The global recovery has gained traction, with emerging Asia in particular rebounding strongly
from the global financial crisis. Compared with the last Asian financial crisis, the damage to
the real economy of the region was much more contained this time. This is in large part
attributable to the reforms taken by regional economies over the years to strengthen
economic fundamentals and improve the resilience of their banking and financial systems. In
addition, a number of regional economies have also promptly taken temporary extraordinary
measures to support their economies and cushion the impact on employment. A number of
these supportive measures were targeted at assisting the small and medium-sized enterprise
(SME) sector, which is an important pillar of many economies.

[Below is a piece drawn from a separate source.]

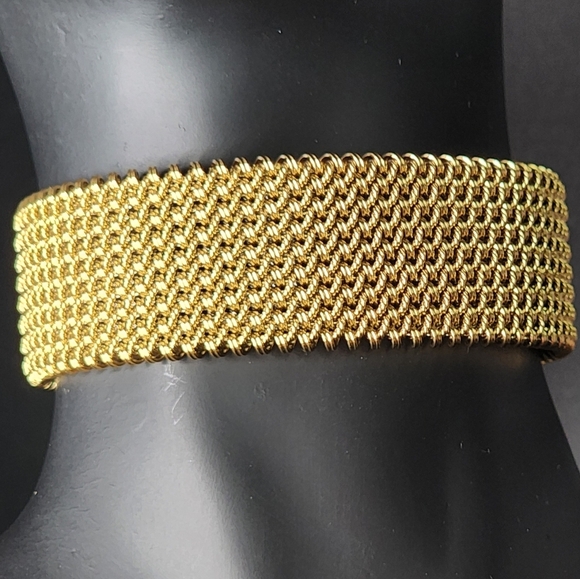 Gold Mesh Bracelet - Picture 5 of 6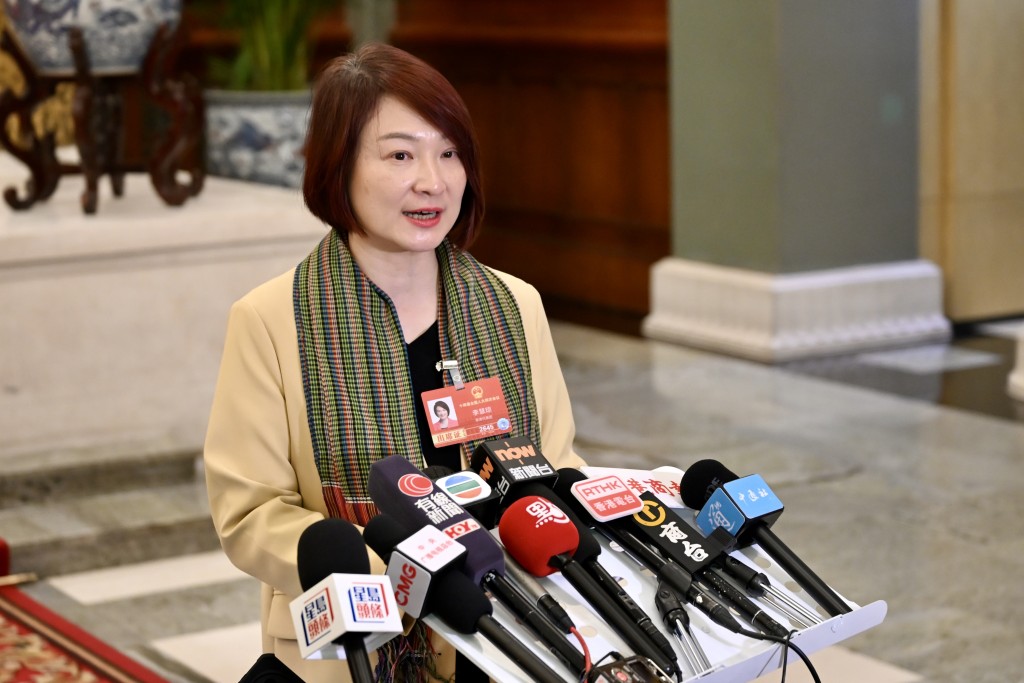 李慧琼感謝夏寶龍接見，相信全體人大代表會好好學習夏寶龍講話精神，並將此貫徹在會議過程中。劉駿軒攝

SMEs play a crucial role in the economic growth and job creation of both developing and
advanced economies. In Hong Kong, China, for instance, SMEs account for 98% of business
establishments and employ nearly half of the total workforce. They provide a broad range of
employment opportunities and play an important role in reducing urban poverty. It is no
exaggeration to say that when SMEs thrive, the economy prospers. This is also true vice
SMEs are particularly vulnerable to economic downturns, as banks often reduce their lending
to the SME sector due to credit concerns. The exceptional severity of the credit crunch
during the global financial crisis has therefore posed great challenges to the SMEs. In
response, the Government of Hong Kong, China swiftly rolled out a temporary HK$100 bn
Special Loan Guarantee Scheme (SLGS) in December 2008 to alleviate the difficulty of
SMEs in obtaining bank finance and the potential surge in unemployment due to the closing
down of SMEs. Together with other short-term government stimulus measures, the SLGS
has been successful in supporting the SMEs to sail through this once-in-a-century crisis and
limit the potential knock-on impact on the economy. Unemployment rate increased by a
modest 2.3 percentage point to peak at 5.5% in September 2009. This compares with the
4.3 percentage-point increase during the Asian financial crisis when no such temporary SME
support measures were available. The economy contracted briefly by 2.7% in 2009 and
rebounded strongly the following year to achieve 6.8% growth.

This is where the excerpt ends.